How Random Babbling Becomes Corporate Policy (t3knomanser) wrote,
How Random Babbling Becomes Corporate Policy
t3knomanser

Postponment...

Ended up helping Erich with an art project, and while there, discovering the compelling joy that is "1602"- Neil Gaiman writing a parallel Marvel universe, where the same cast lives in 1602. Interesting changes, Nick Fury is the head of Her Majesty's Secret Service, Stephen Strange is her court physician, Peter Parquah works for Fury and has a thing for spiders. Carlos Javier runs a "School for the Sons of Gentlefolk", which actually is a haven for "witchbreeds", people who have strange powers. And so on. Very worth reading.

Today I might do a double dose of "On Anarchy" today, since last night prevented me. Or I might not. On a side note, last night I made money by ordering a pizza. It was $13, and I handed the guy a $20. He meant to give me $7 in change, but he accidentially slipped the $20 I gave him in. So I paid -$7 for a pizza. By the time I realized it, I heard him driving off. Sucks for him, but I'm not really going to complain. Odds are, he'll never make that mistake again.

Oh, and here's a wierd twist on copyright law. I'm a digital solutions provider. Someone wants me to wire and network their office, installing new computers, the whole nine yards. They also want an application server. So, I go out and buy a lot of, let's just say, Dell computers.
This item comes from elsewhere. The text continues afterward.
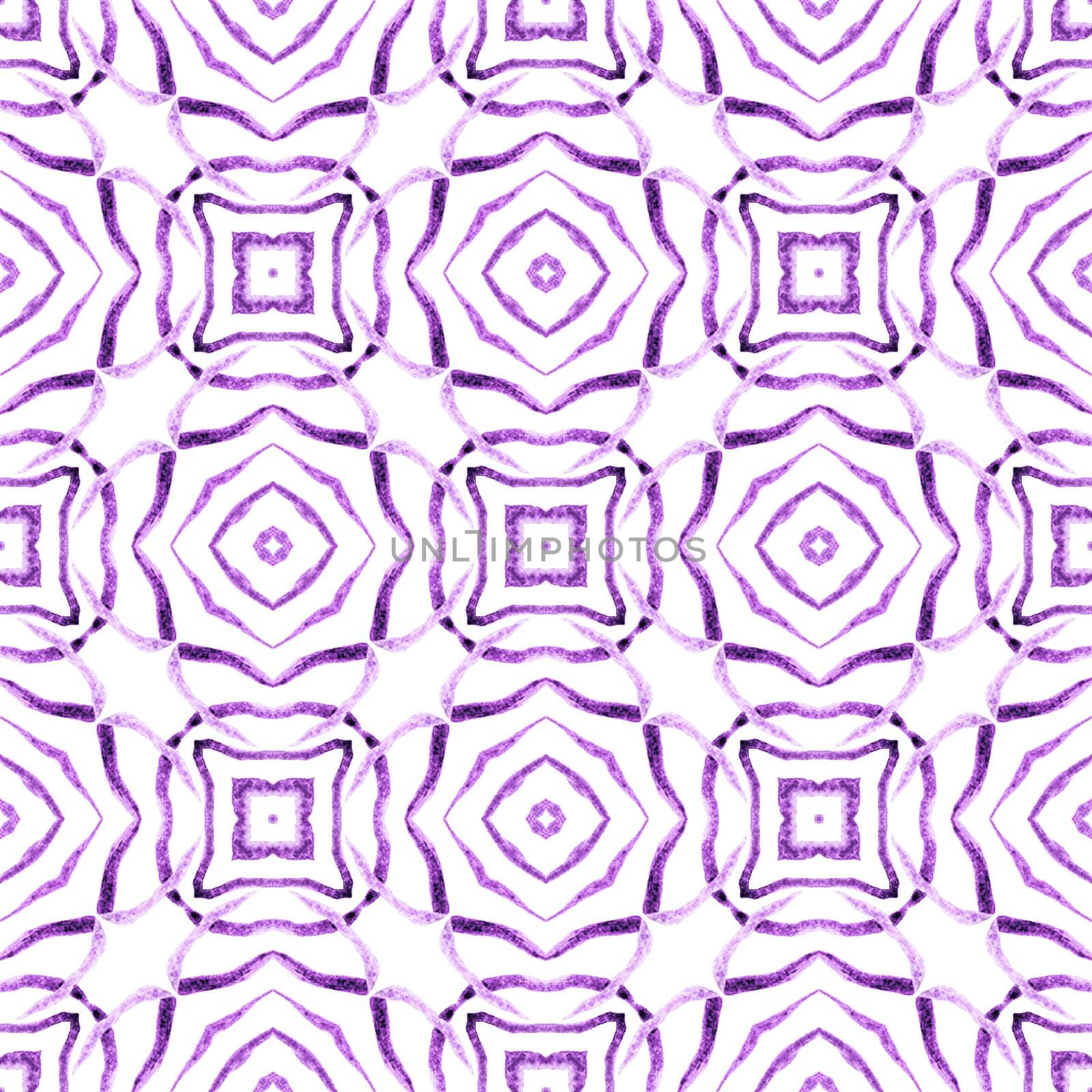 Watercolor summer ethnic border pattern. Purple by beginagain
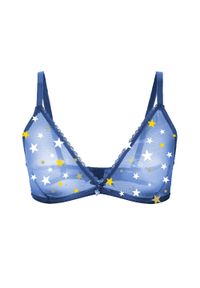 Intica - Biustonosz gładki miękki z elastycznym wykończeniem Ivi. Kolor: niebieski. Materiał: materiał. Wzór: gładki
They don't quite meet the tech specs, there's security devices that need to be installed (fingerprint scanners and key loggers), so I add them, making a derivitave work of the Dells. Similarly, I build the custom application server.

But then, they want a customized version of the Windows operating system. If I do that, I'm breaking the law. This disparity between the meat and the digital perplexes me.